In the first step towards making the two-million square foot vacant Alcatel-Lucent building more desirable to future developers, the Holmdel Township Planning Board agreed Tuesday to recommend the Township Committee recognize it by state statute as an “area in need of redevelopment.”
Currently, the property is classified as "an area in need of rehabilitation." But Township Planner Jennifer Beahm of CME Associates of Howell made a case in an April 26 report that the property easily meets the "Redevelopment" category, and recommended the switch.
“The Redevelopment designation provides more opportunity for Holmdel to bring this property back into the community,” she explained in her remarks to the board.
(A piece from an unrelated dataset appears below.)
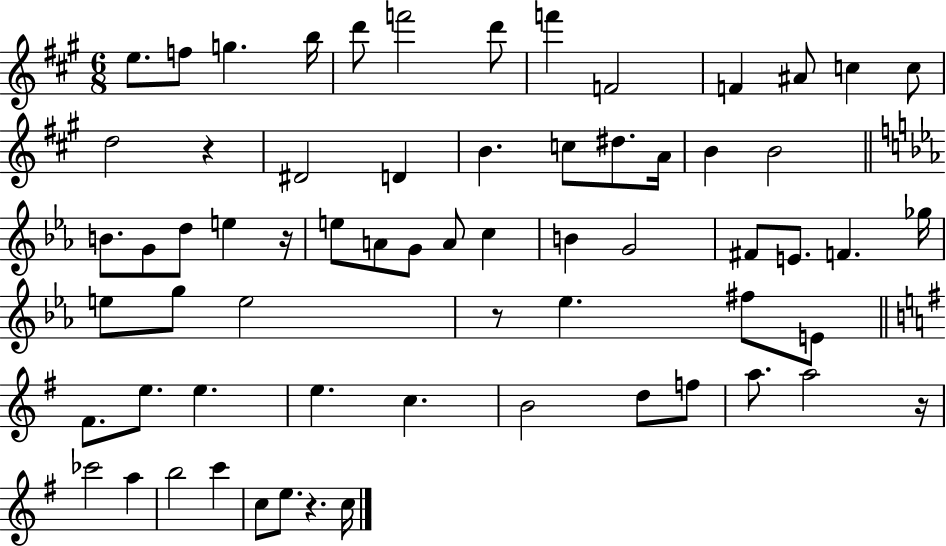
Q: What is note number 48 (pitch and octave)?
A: C5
It is “step one” in a legal process, which will later include review by township boards and opportunities for public input.
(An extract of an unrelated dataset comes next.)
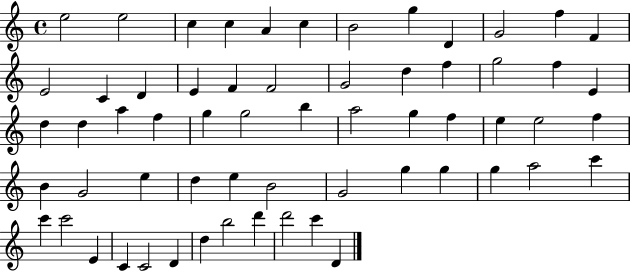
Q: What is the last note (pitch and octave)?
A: D4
Already, the township has spent more than four years trying to bring the property “back into utility” and retrieve some positive benefits from development, she said. Meanwhile, property taxes on the vacated property have fallen $4.5 million in 2005 to about $500,000 in 2010, she said.
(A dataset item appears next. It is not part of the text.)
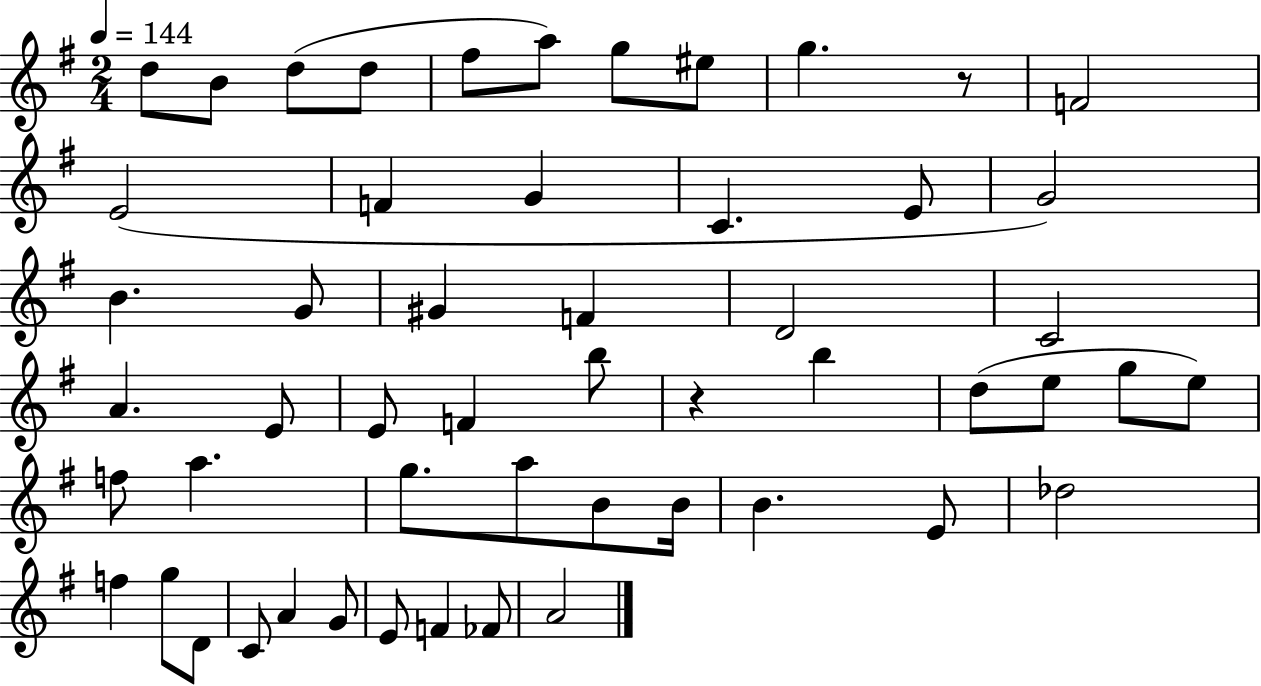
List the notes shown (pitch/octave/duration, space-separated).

D5/e B4/e D5/e D5/e F#5/e A5/e G5/e EIS5/e G5/q. R/e F4/h E4/h F4/q G4/q C4/q. E4/e G4/h B4/q. G4/e G#4/q F4/q D4/h C4/h A4/q. E4/e E4/e F4/q B5/e R/q B5/q D5/e E5/e G5/e E5/e F5/e A5/q. G5/e. A5/e B4/e B4/s B4/q. E4/e Db5/h F5/q G5/e D4/e C4/e A4/q G4/e E4/e F4/q FES4/e A4/h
The Redevelopment designation, good for up to 30 years, gives the township authority to use eminent domain laws. It also means the township can enter into long-term tax abatement if it wishes to.
Beahm said the property needed only to meet one of eight factors for Redevelopment designation, and the old Bell Labs building meets four. She spoke about the deterioration of the structure, vacant since 2006; its obsolete 1960s layout which is alien to modern workspaces; its falling tax assessment as proof of its underutilization; and inconsistency with “smart growth planning” because there is little hope one user could take advantage of its hugeness.
Mayor Patrick Impreveduto, who sits on the Planning Board, said the Redevelopment Plan "wouldn’t be that different than what the township had in place before."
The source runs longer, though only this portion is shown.